The timing on this one seems odd, doesn't it?
According to the San Francisco Chronicle, an UberX driver pleaded not guilty in San Francisco Superior Court on Thursday after allegations that he bashed a passenger in the head with a hammer. This, just hours before the SF District Attorney told the ridesharing company that it needed to dramatically change how it does business.
The Chron apparently got word late this afternoon that 26-year-old Pacifica man Patrick Karajah allegedly picked up two men and one woman from a unnamed bar at 2 a.m. Tuesday.
He apparently got into a verbal altercation with one of his male passengers over the route he was taking, kicked everyone out at Ellsworth Street and Alemany Boulevard, and allegedly hit the passenger he'd been arguing with on the side of the head with a hammer that he happened to have in the car.
The victim has "severe fractures and trauma to the head," the Chron reports, and Karajah was arrested later at his home.
Friday evening, Uber spokesperson Eva Behrend sent this statement to SFist regarding the incident:
"Safety is Uber's #1 priority. We take reports like this seriously and are treating the matter with the utmost urgency and care. It is also our policy to immediately suspend a driver’s account following any serious allegations, which we have done. We stand ready to assist authorities in any investigation.”
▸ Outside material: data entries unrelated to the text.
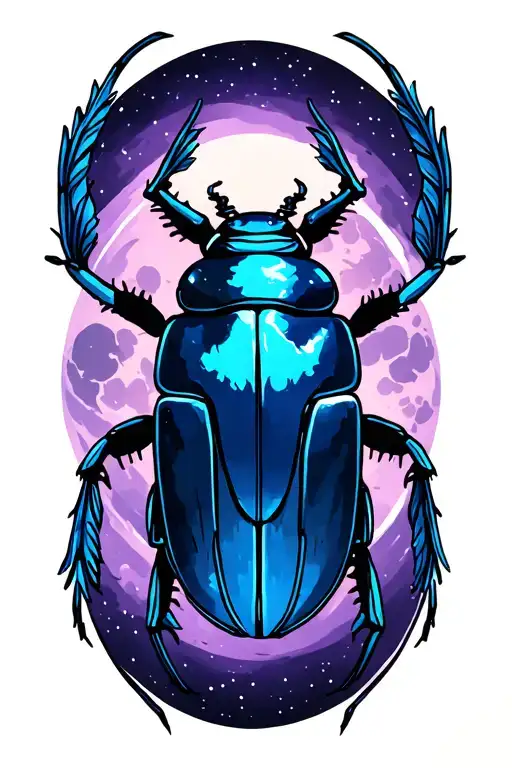 moon phase scarab beetle tattoo design idea
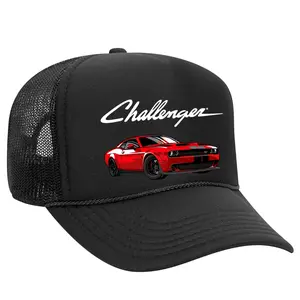 Black Threadz Dodge Challenger Trucker Cap - Black, Unisex Stylish Fabric Hat for Sale
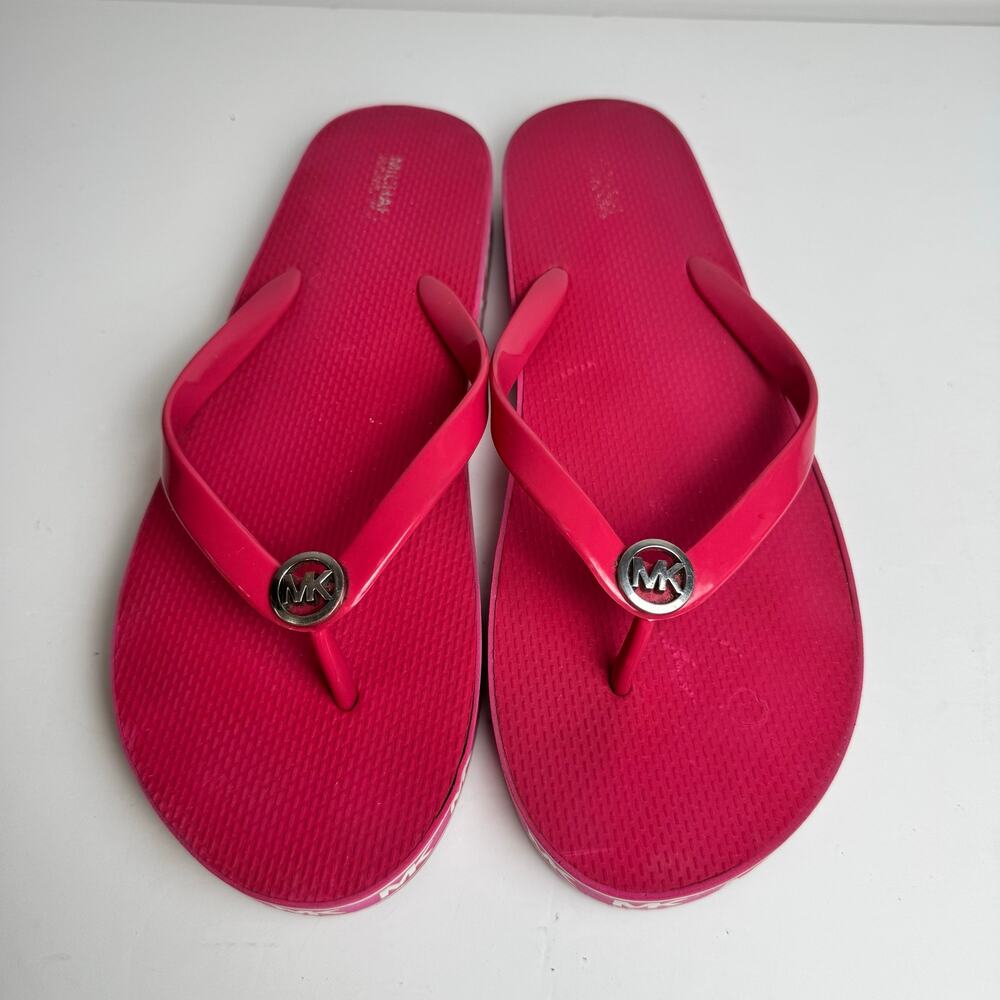 Michael Kors MK Pink Platform Flip Flops Rubber Thong Sandals Women’s No Size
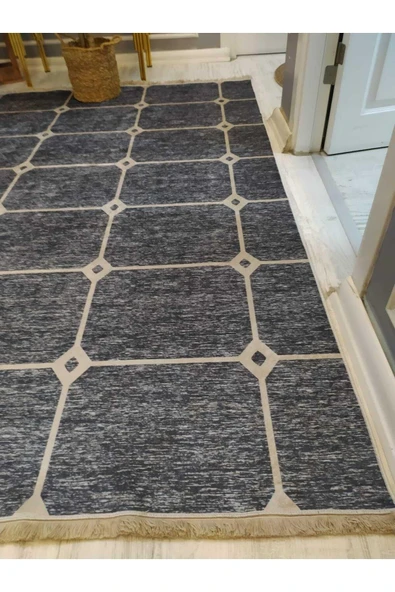 Eskitme Zemin Dekoratif Desenli Kaymaz Taban Yıkanabilir Leke Tutmaz Dot Taban Halı Drk8043-2 GRİ-KREM 80 X 300 - 3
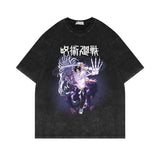 Washed and old retro short-sleeved T-shirt anime top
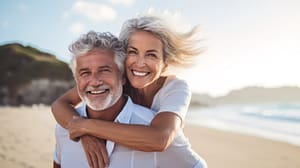 senior couple enjoying the beach together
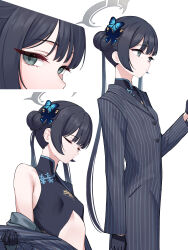 Rule 34 | 1girl, absurdres, aoi riko, black dress, black gloves, black hair, blue archive, breasts, butterfly hair ornament, china dress, chinese clothes, closed eyes, closed mouth, clothing cutout, coat, dress, gloves, grey eyes, hair bun, hair ornament, halo, highres, kisaki (blue archive), long hair, long sleeves, multiple views, open clothes, open coat, simple background, small breasts, stomach cutout, striped, striped coat, twintails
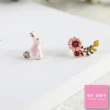 【Akiko Sakai】琺瑯彩釉兔子與樹葉不對稱耳環(耳夾款)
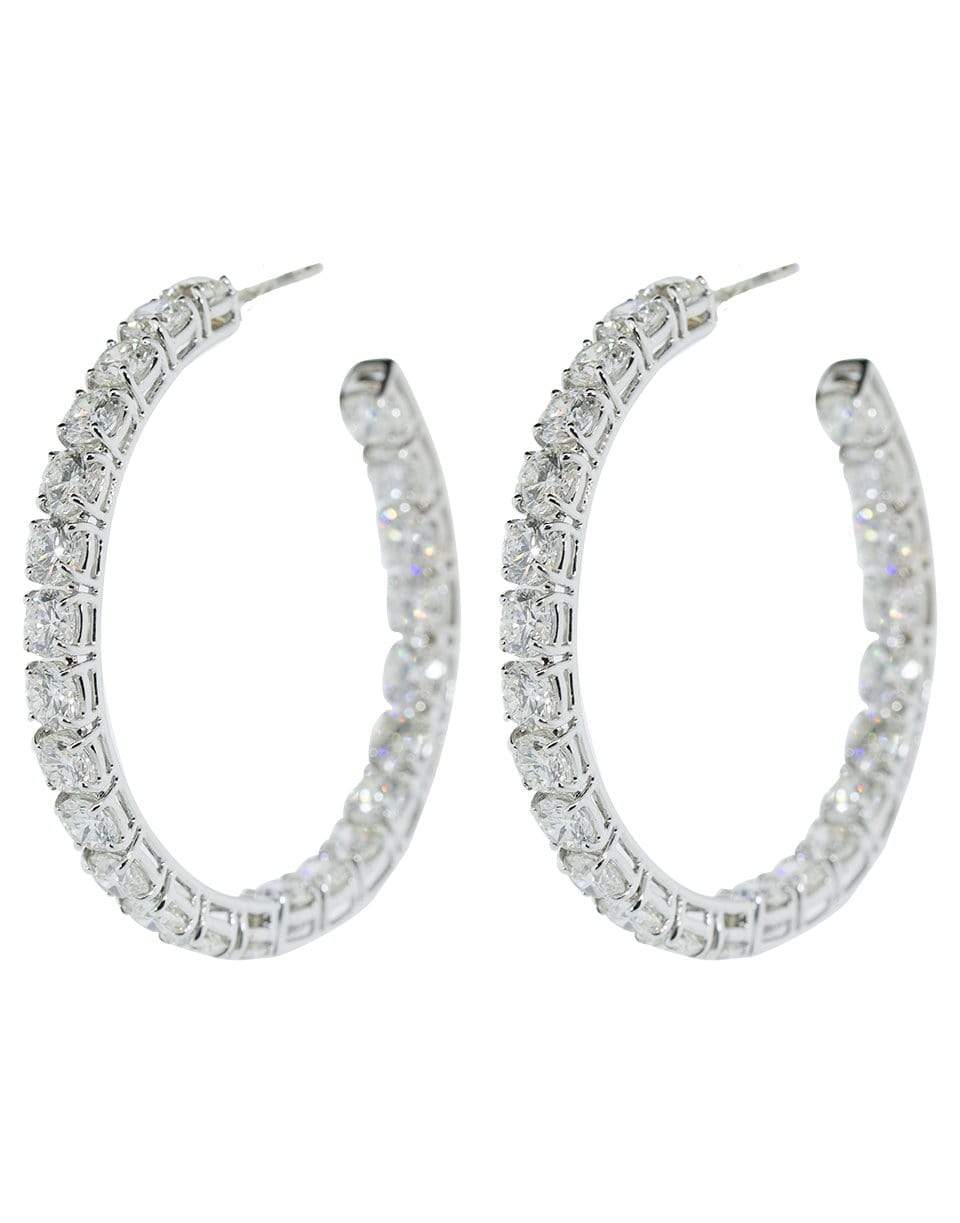 BAYCO-Medium Round Diamond Hoop Earrings-WHITE GOLD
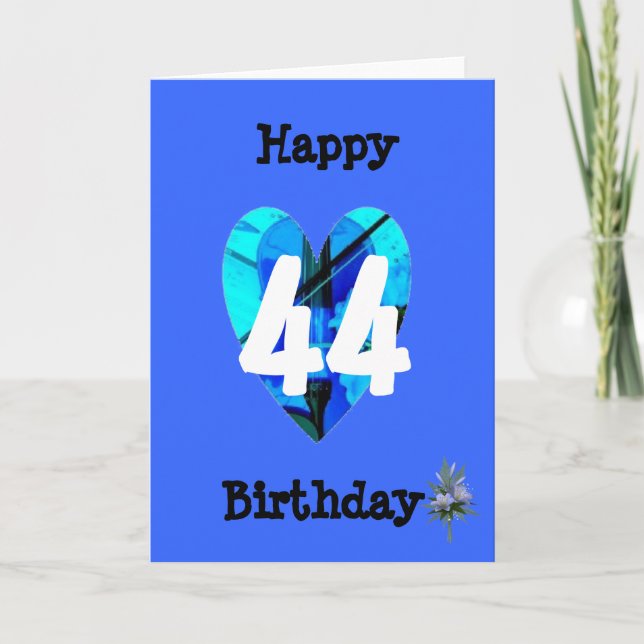 Tarjeta Cumpleaños Azul de 44 Años (Anverso)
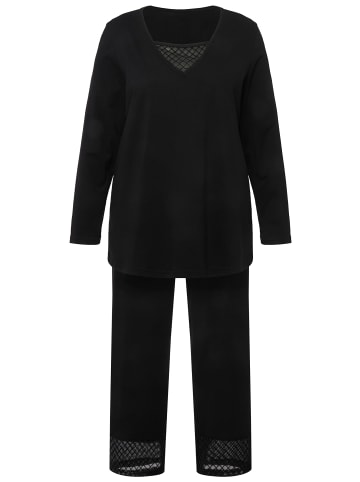 Ulla Popken Pyjama in schwarz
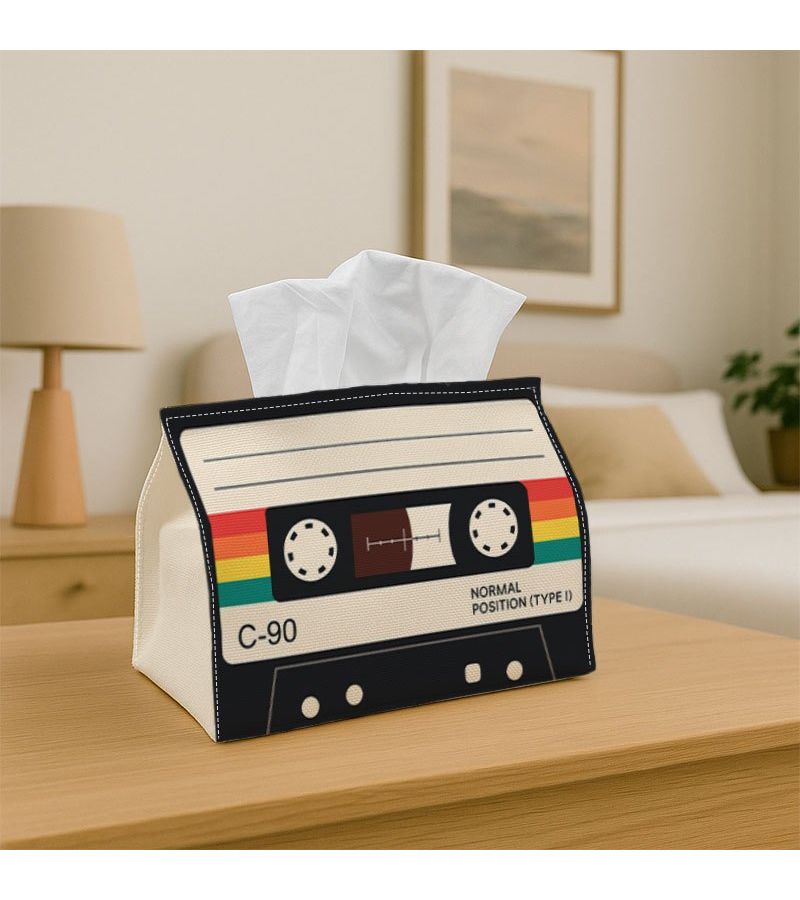 Retro Graphic Tissue Box 18cm Colorful Cassette Tape Fabric Napkin Organizer - Image 1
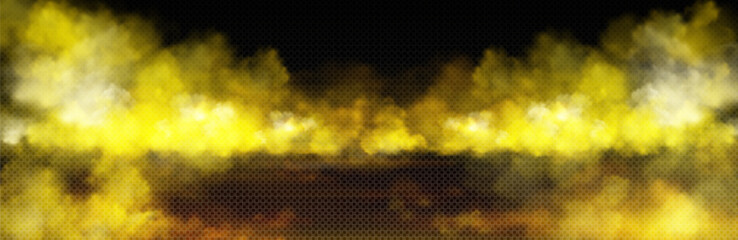 Wall Mural - yellow toxic smoke cloud with overlay effect on transparent background. realistic haze of mystical a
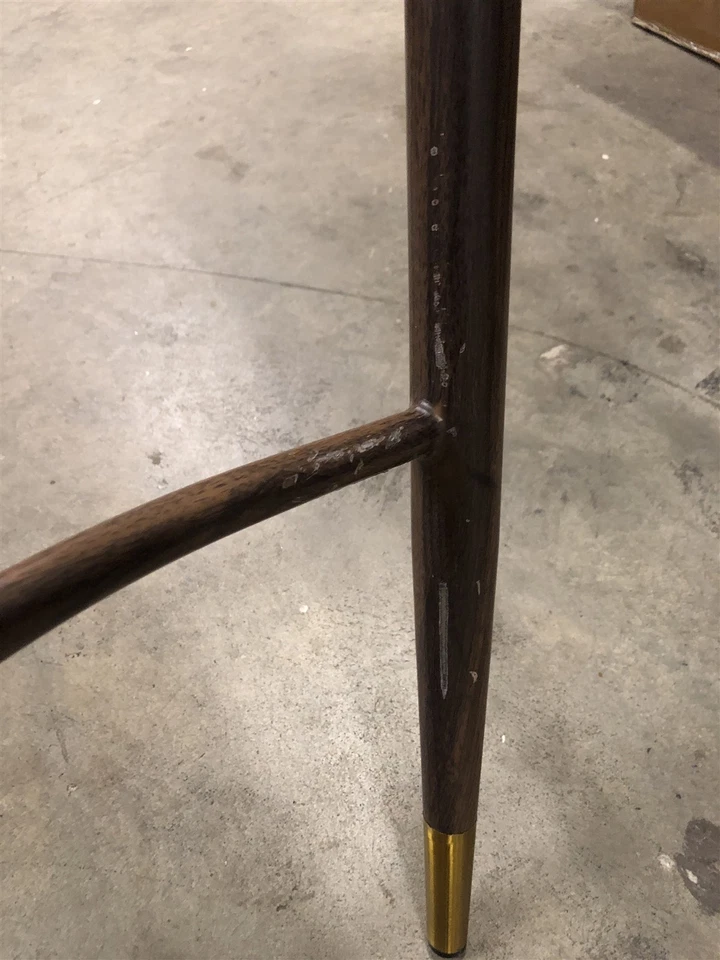 HomeRoots 564992 30 pulgadas Silla de bar de altura de cuero sintético marrón dorado y nogal Foto 2 de 4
The timing of this news item is particularly strange — typically, the San Francisco Police Department and the District Attorney's Office makes an effort to alert the media to cases that might be of interest, as this one most obviously is. It's odd that, instead, we're only hearing about this on a Friday afternoon — helpfully, the DA's office sent a note to media at 4:08 p.m. saying that District Attorney George Gascon will only be available at "4:40 SHARP" for ten minutes to discuss the case.
And finally, of course, there's the fact that last night, Gascon's office sent a note to Uber and Lyft telling them that, among other things, they must "remove all statements from their mobile apps, websites and other publications that imply their background checks reveal drivers’ complete criminal history," calling such claims "patently untrue."
It's unclear if Karajah, like UberX driver Daveea Whitmire, had a criminal record that the ridesharing company failed to pick up on. What we do know is that as of Thursday, he's been charged with assault with a deadly weapon and battery with serious bodily injury, and is free on $125,000 bail.